▶ [Directions]
Only the pictures should be left out; repeat the rest of the data exactly.

▶ [Input data]
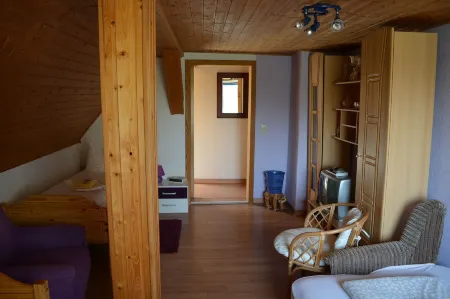 Gaststätte "Zum Fährmann" Отели в г. Анхальт-Биттерфельд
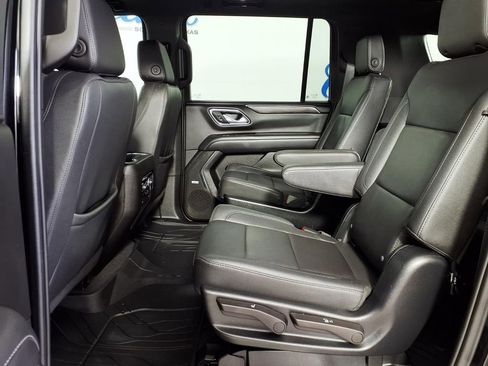 Used 2023 Chevrolet Suburban Z71 image 8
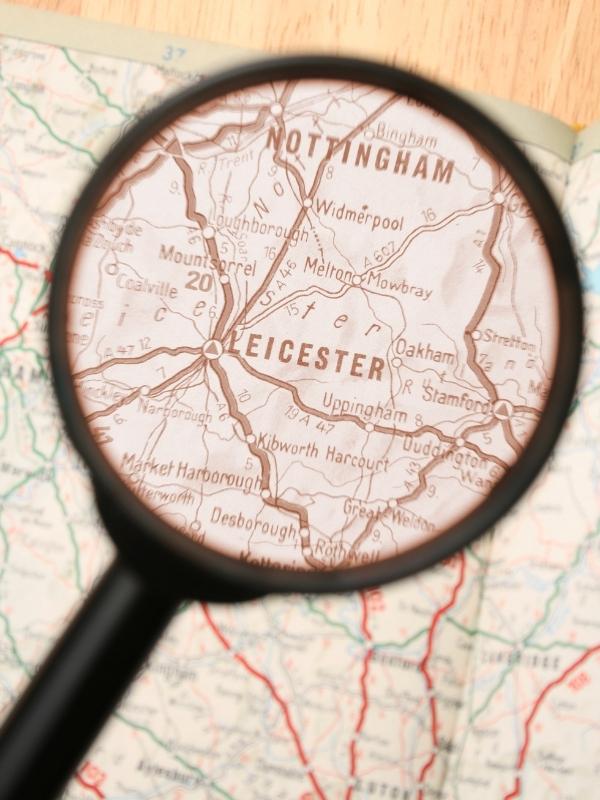 Map showing Leicester under a magnifying glass.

▶ [Response]
 Gaststätte "Zum Fährmann" Отели в г. Анхальт-Биттерфельд
 Used 2023 Chevrolet Suburban Z71 image 8
 Map showing Leicester under a magnifying glass.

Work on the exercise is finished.